A professor at Yale University lectured on human rights and nationalism at the 55th annual Simon Rawidowicz lecture, “Rights and Nationhood from 1948 to the Present” on Thursday. Professor Samuel Moyn, who also works at Yale, focussed on the changing concepts of human rights before and after 1958.
Moyn began his lecture by prompting listeners to consider the Israeli nationality laws and how they have impacted human rights within the country. He first highlighted the 1948 Declaration, which emphasized equality, and then contrasted it with the first law pertaining to nationality in 1952, which enabled Jewish people automatic entitlement to citizenship and required proof of residency for Palestinians. By reflecting on the discrimination evident in the second law, he discussed the implications of nationhood. “Nationhood protects the rights of some and invalidates the rights of others,” he said.
He discussed the differing perspectives on human rights before and after 1948. He described human rights before 1948 as human rights 1.0, human rights based on the premise of nationalism. He suggested that nationalism became a focal point of human rights during the late 18th century, coinciding with the American Revolution and the French Revolution. Revolutionary actions during this period were equated to human rights. However, revolutionary nationalism within human rights enabled violence, often actions that would today be considered violations of human rights, in favor of creating a people’s public, assuming that a government controlled by the people would prioritize human rights.

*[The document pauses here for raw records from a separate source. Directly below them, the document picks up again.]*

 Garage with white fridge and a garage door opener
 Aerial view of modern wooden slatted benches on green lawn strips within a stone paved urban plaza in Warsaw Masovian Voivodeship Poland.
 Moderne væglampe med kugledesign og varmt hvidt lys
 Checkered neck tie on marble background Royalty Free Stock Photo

He next pointed to human rights 2.0, cosmopolitan human rights rather than nationalist human rights. Human rights 2.0 fights for oppressed minorities, favoring them over the state. Moyn believes that human rights 2.0 is the type of human rights we are most familiar with today. He attributed the development of human rights 2.0 to the fall of socialism and the beginning of decolonization.

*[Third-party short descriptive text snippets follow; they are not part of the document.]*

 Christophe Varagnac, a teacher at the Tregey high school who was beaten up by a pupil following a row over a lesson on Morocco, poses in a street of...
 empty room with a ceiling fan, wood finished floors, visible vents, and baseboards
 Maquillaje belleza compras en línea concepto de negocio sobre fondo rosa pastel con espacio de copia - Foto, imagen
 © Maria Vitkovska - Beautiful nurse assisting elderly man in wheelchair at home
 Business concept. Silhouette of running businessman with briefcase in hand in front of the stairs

Moyn emphasized that the history of discussion regarding human rights is crucial in considering continuing globalization today.

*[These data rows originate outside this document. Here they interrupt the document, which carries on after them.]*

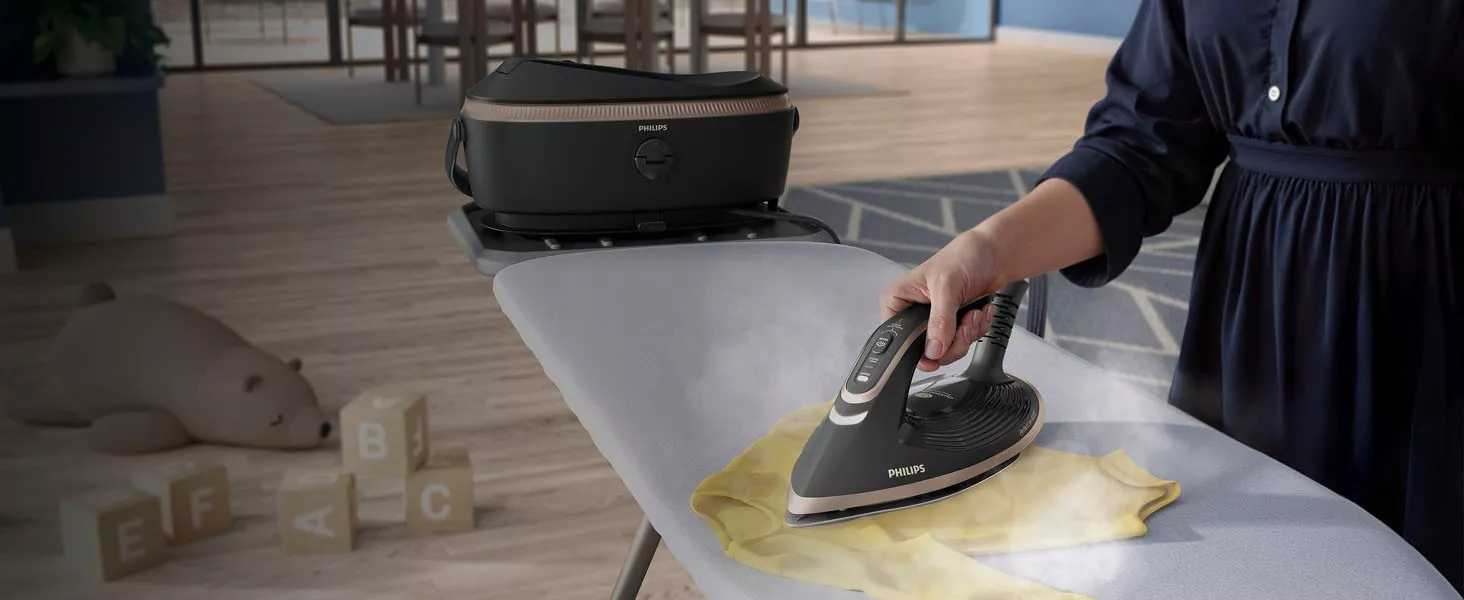 Osoba prasuje żółtą tkaninę za pomocą generatora pary marki PHILIPS na desce do prasowania. W tle widać pluszowego misia i klocki z literami E, F, A, B, C.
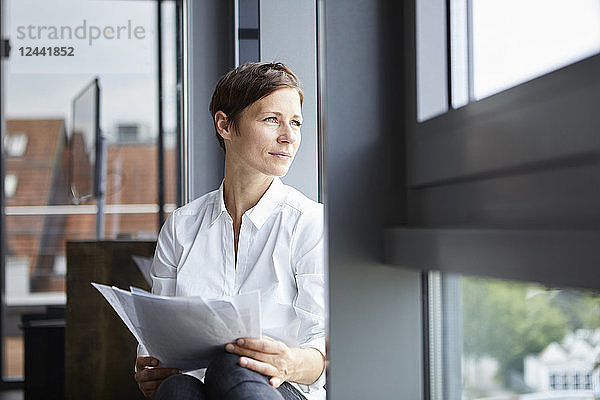 Businesswoman sitting in office with documents looking out of window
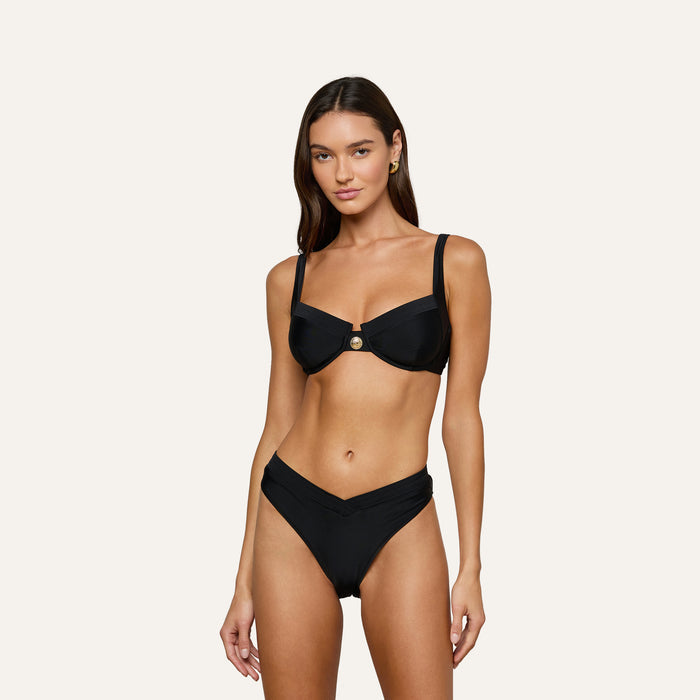 Woman wearing the Ashleigh Bikini Bottom, a black V-cut bikini with Trapunto stitching, paired with an underwire top featuring a central gold button, standing against a plain off-white background.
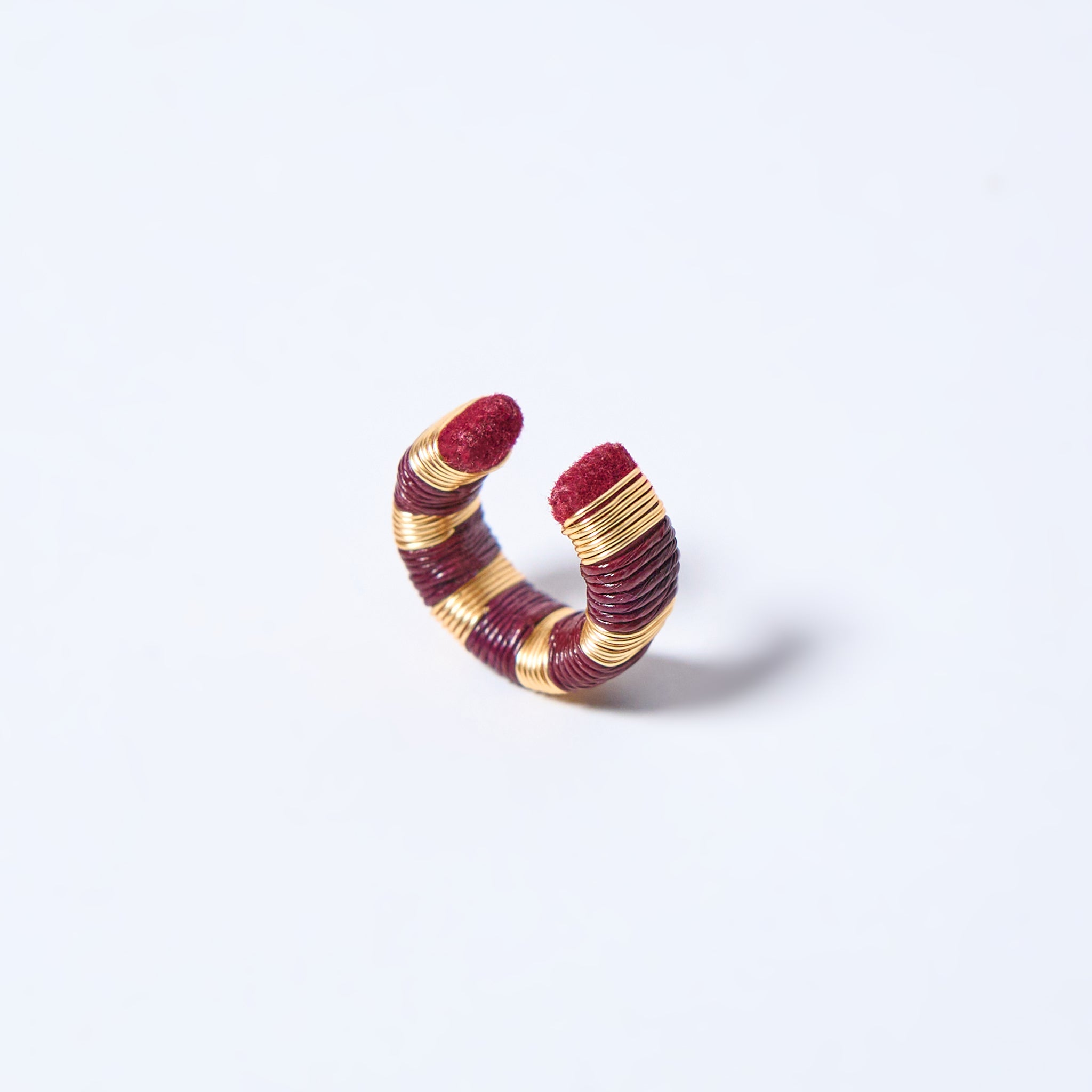 Handmade ear cuff striped in gold and wine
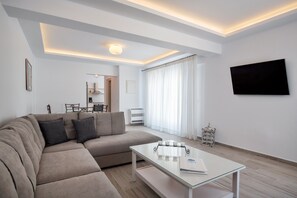 Apartment, 2 Bedrooms, Hot Tub, Ground Floor | Living room | 32-inch flat-screen TV with satellite channels, LCD TV, DVD player - Sienna Eco Resort (Santorini)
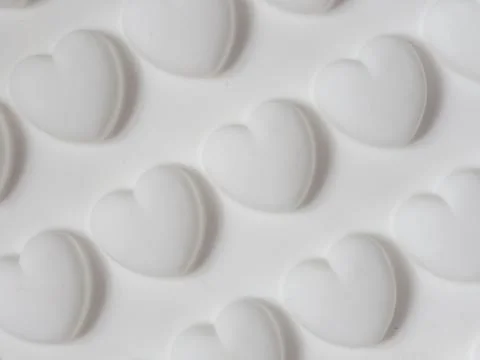 Texture with three-dimensional hearts Stock Photos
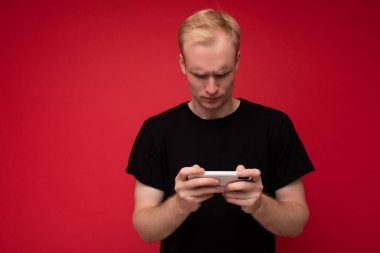 Yakından çekilmiş bir fotoğraf. Tatmin olmamış, mutsuz, üzgün, hoş görünümlü, şık giyinmiş, arka planda izole edilmiş, boş bir alanda saklanan ve cep telefonu kullanan genç bir adam.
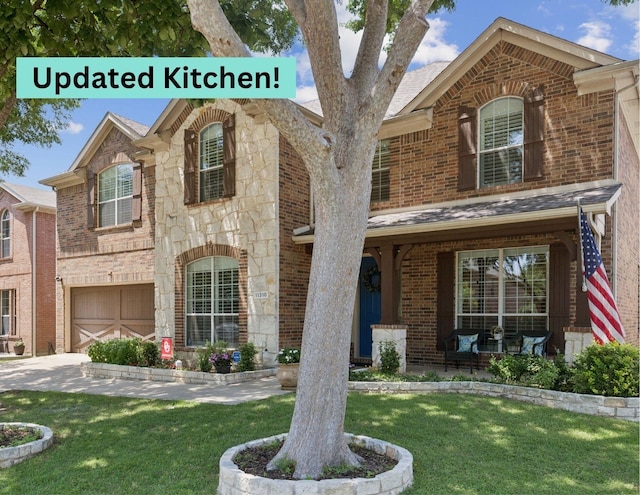 11310 Seguin Dr, Frisco, TX 75035 - view of front of home with stone siding, brick siding, a front lawn, and an attached garage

The lecture was sponsored by the Department of Near Eastern and Judaic Studies, the Tauber Institute for the Study of European Jewry and the Brandeis University International Center for Ethics, Justice, and Public Life. This is the 55th lecture sponsored by these organization to honor the work of Simon Rawidowicz. Rawidowicz founded the Near Eastern and Judaic Studies program, the first graduate degree at Brandeis, then in 1956 chaired the undergraduate Near Eastern and Judaic Studies department.